◆ Problem: Output the line containing "Rain, Redemption, and" and each line after it through the end of the data, exactly as written, with pictures left out.

◆ Information supplied:
⟨

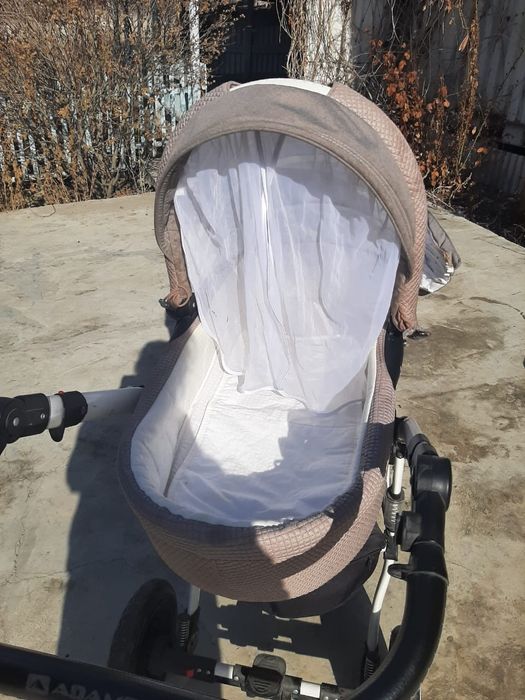 Продам коляску ademex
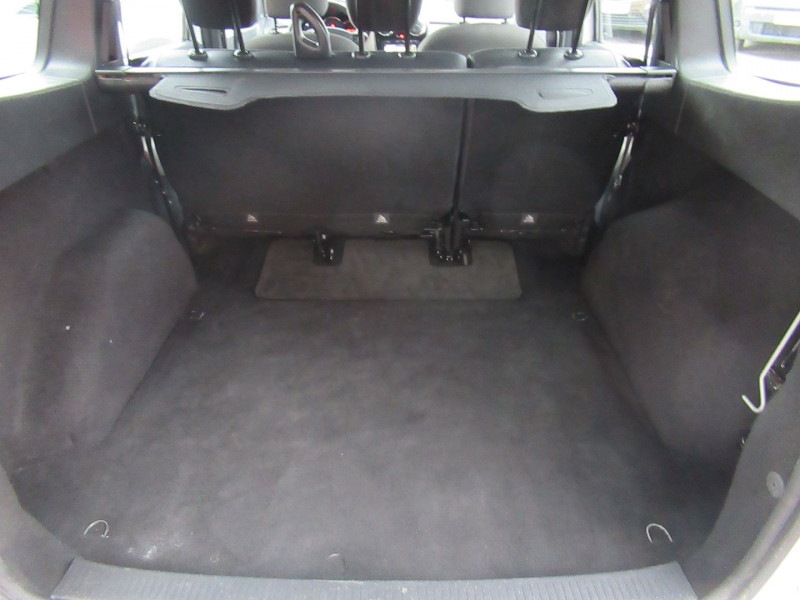 Photo 9 de l'offre de DACIA LODGY 1.2 TCE 115CH BLACK LINE 5 PLACES à 11995€ chez Remiremont automobiles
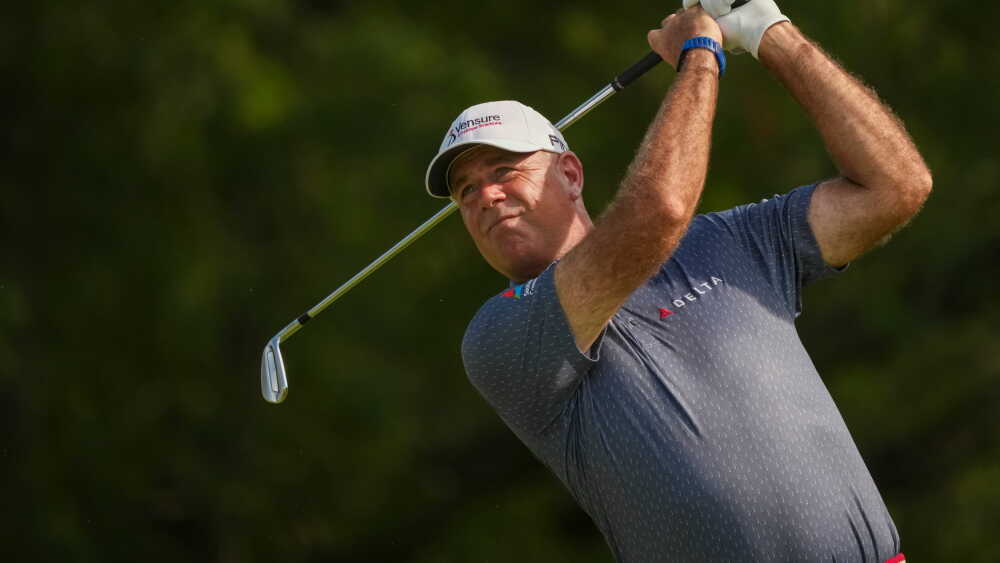Rain, Redemption, and a Familiar Foe: Senior Open’s Stormy Climax Looms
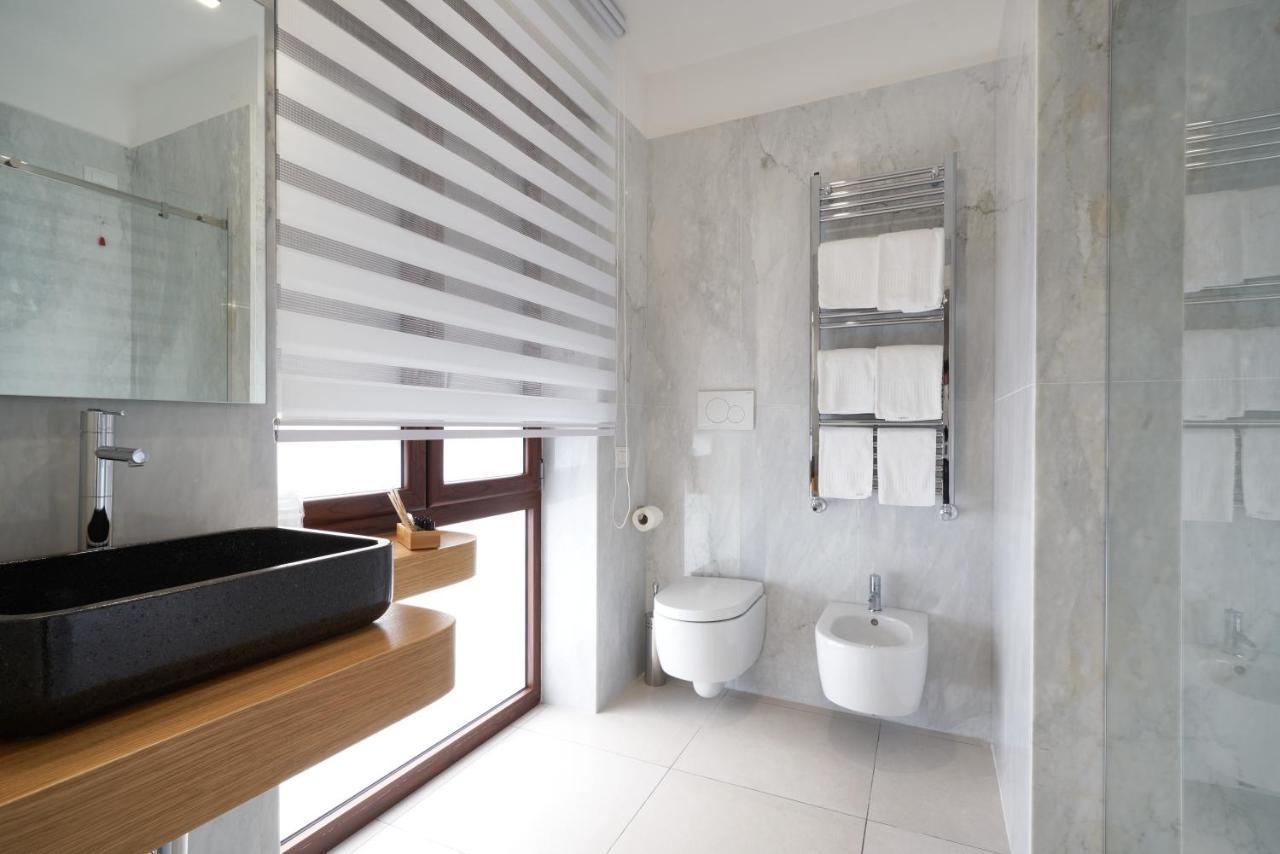 B&B Iside แอร์โกลาโน ภายนอก รูปภาพ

⟩

◆ Expected output:
Rain, Redemption, and a Familiar Foe: Senior Open’s Stormy Climax Looms
 B&B Iside แอร์โกลาโน ภายนอก รูปภาพ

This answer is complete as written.